Le raisonnement de Fabrice ne put jamais pénétrer plus loin; il tournait de cent façons autour de la difficulté sans parvenir à la surmonter. Il était trop jeune encore; dans ses moments de loisir, son âme s’occupait avec ravissement à goûter les sensations produites par des circonstances romanesques que son imagination était toujours prête à lui fournir. Il était bien loin d’employer son temps à regarder avec patience les particularités réelles des choses pour ensuite deviner leurs causes. Le réel lui semblait encore plat et fangeux; je conçois qu’on n’aime pas à le regarder, mais alors il ne faut pas en raisonner. Il ne faut pas surtout faire des objections avec les diverses pièces de son ignorance.
C’est ainsi que, sans manquer d’esprit, Fabrice ne put parvenir à voir que sa demi-croyance dans les présages était pour lui une religion, une impression profonde reçue à son entrée dans la vie. Penser à cette croyance c’était sentir, c’était un bonheur. Et il s’obstinait à chercher comment ce pouvait être une science prouvée, réelle, dans le genre de la géométrie par exemple. Il recherchait avec ardeur, dans sa mémoire, toutes les circonstances où des présages observés par lui n’avaient pas été suivis de l’événement heureux ou malheureux qu’ils semblaient annoncer. Mais tout en croyant suivre un raisonnement et marcher à la vérité, son attention s’arrêtait avec bonheur sur le souvenir des cas où le présage avait été largement suivi par l’accident heureux ou malheureux qu’il lui semblait prédire, et son âme était frappée de respect et attendrie; et il eût éprouvé une répugnance invincible pour l’être qui eût nié les présages, et surtout s’il eût employé l’ironie.

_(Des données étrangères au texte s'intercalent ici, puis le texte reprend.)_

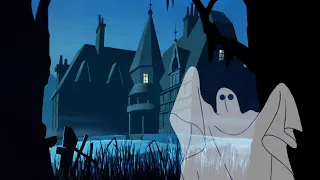 Scooby-Doo, Where are You! Haunted House Ambience - Night Sounds, Wind, Background Music (2 hr)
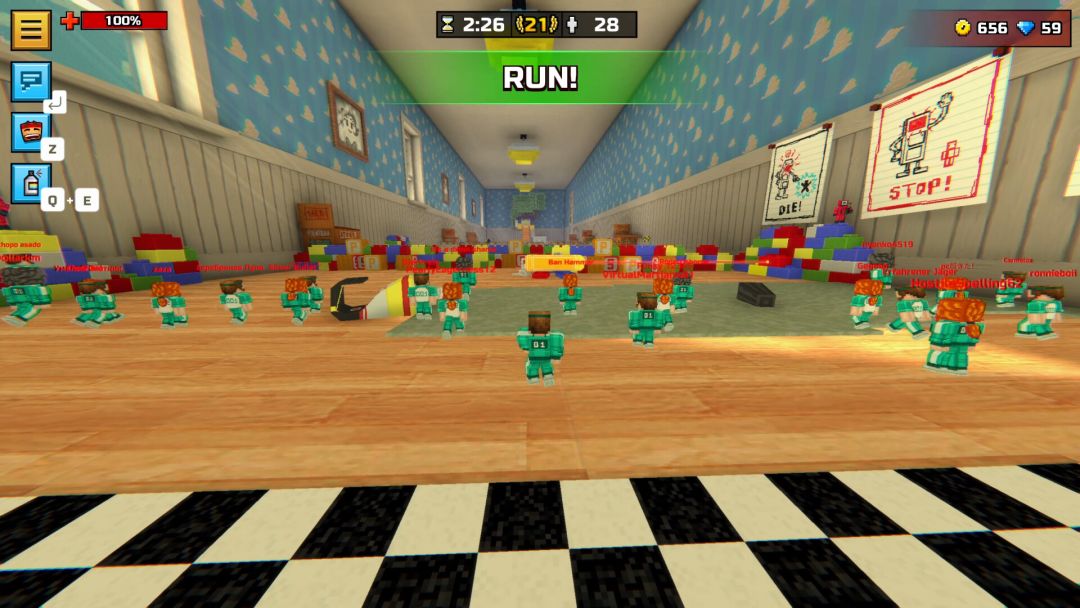 Pixel Gun 3D: PC Edition游戏截图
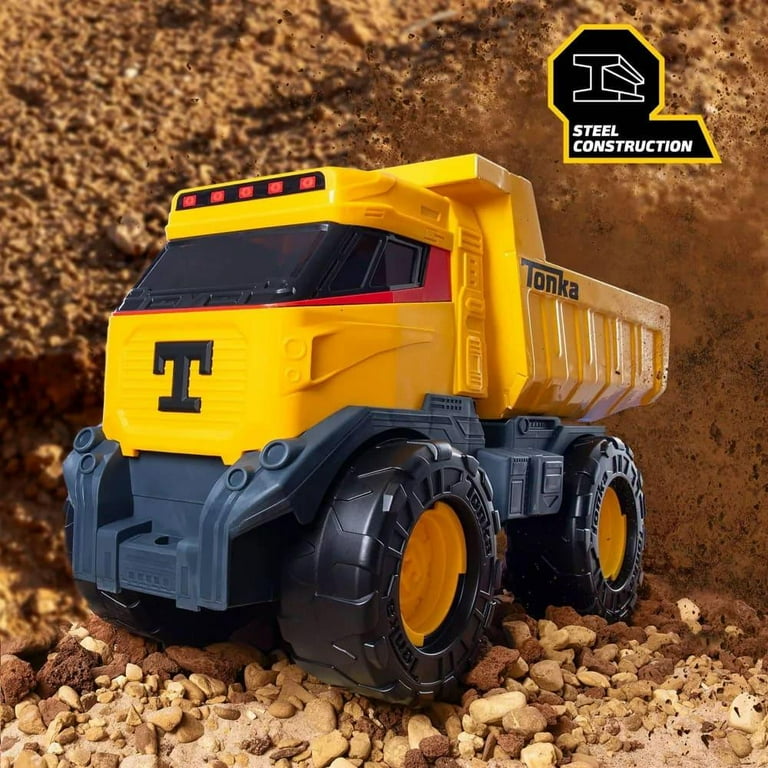 Tonka, Next Gen Mighty Dump Truck, Steel & Sturdy Plastic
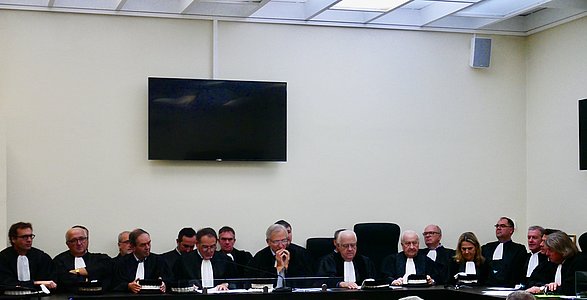 Les Présidents, Juges et Greffiers du Tribunal de Commerce de Bayonne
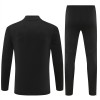 Real Madrid Trainings Sweatshirt Kvarts-Dragkedja 2025-26 Svart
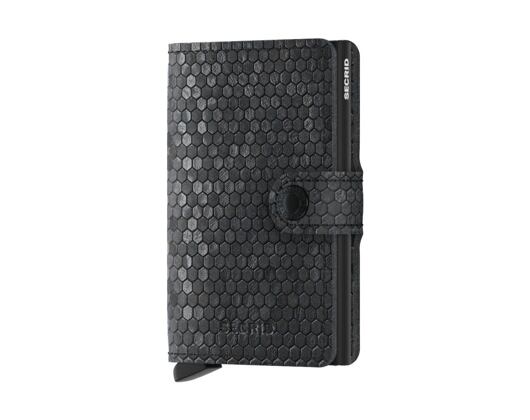 Peněženka Secrid Miniwallet Hexagon Black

Fabrice marchait sans s’apercevoir des distances, et il en était là de ses raisonnements impuissants, lorsqu’en levant la tête il vit le mur du jardin de son père. Ce mur, qui soutenait une belle terrasse, s’élevait à plus de quarante pieds au-dessus du chemin, à droite. Un cordon de pierres de taille tout en haut, près de la balustrade, lui donnait un air monumental. «Il n’est pas mal, se dit froidement Fabrice, cela est d’une bonne architecture, presque dans le goût romain.» Il appliquait ses nouvelles connaissances en antiquités. Puis il détourna la tête avec dégoût; les sévérités de son père, et surtout la dénonciation de son frère Ascagne au retour de son voyage en France, lui revinrent à l’esprit.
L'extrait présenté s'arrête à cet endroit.